*** Opening ENTRIES SUPPLIED ***

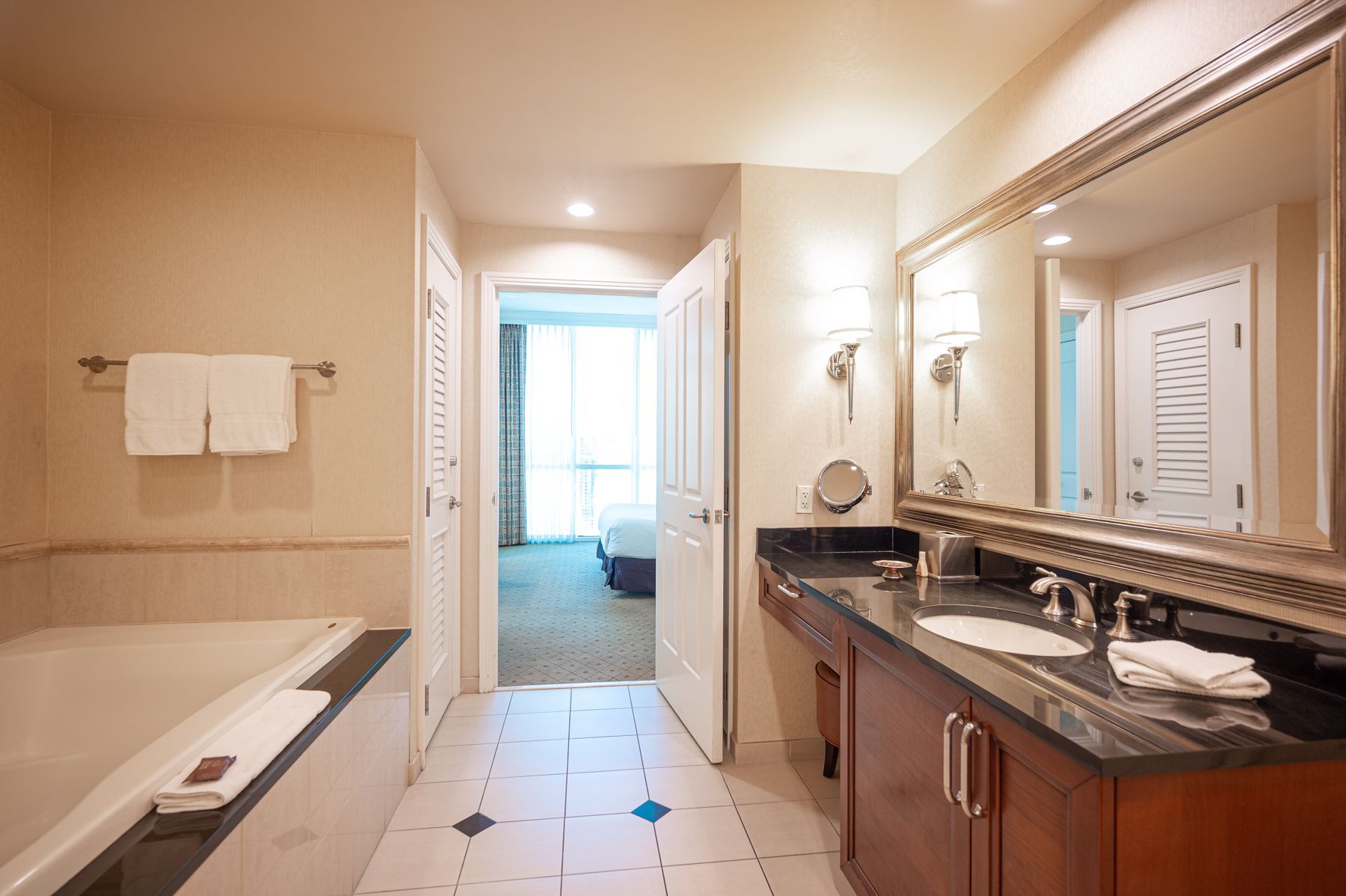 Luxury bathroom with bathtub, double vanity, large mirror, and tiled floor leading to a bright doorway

*** Closing ENTRIES SUPPLIED ***
*** Opening ENTRIES SUPPLIED ***

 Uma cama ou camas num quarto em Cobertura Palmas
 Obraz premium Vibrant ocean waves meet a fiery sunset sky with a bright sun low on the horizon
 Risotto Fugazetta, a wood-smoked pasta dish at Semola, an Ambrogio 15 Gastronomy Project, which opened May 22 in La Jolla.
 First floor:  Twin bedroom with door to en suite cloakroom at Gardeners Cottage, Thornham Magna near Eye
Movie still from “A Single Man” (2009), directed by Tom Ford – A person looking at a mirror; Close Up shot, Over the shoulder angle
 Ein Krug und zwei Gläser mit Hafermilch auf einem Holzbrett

*** Closing ENTRIES SUPPLIED ***

[GOAL OF THE EXERCISE] Retype the entries above exactly, but only from the line containing "Uma cama ou" through the line containing "Ein Krug und", both included.

[REPLY TO THE TASK]
 Uma cama ou camas num quarto em Cobertura Palmas
 Obraz premium Vibrant ocean waves meet a fiery sunset sky with a bright sun low on the horizon
 Risotto Fugazetta, a wood-smoked pasta dish at Semola, an Ambrogio 15 Gastronomy Project, which opened May 22 in La Jolla.
 First floor:  Twin bedroom with door to en suite cloakroom at Gardeners Cottage, Thornham Magna near Eye
Movie still from “A Single Man” (2009), directed by Tom Ford – A person looking at a mirror; Close Up shot, Over the shoulder angle
 Ein Krug und zwei Gläser mit Hafermilch auf einem Holzbrett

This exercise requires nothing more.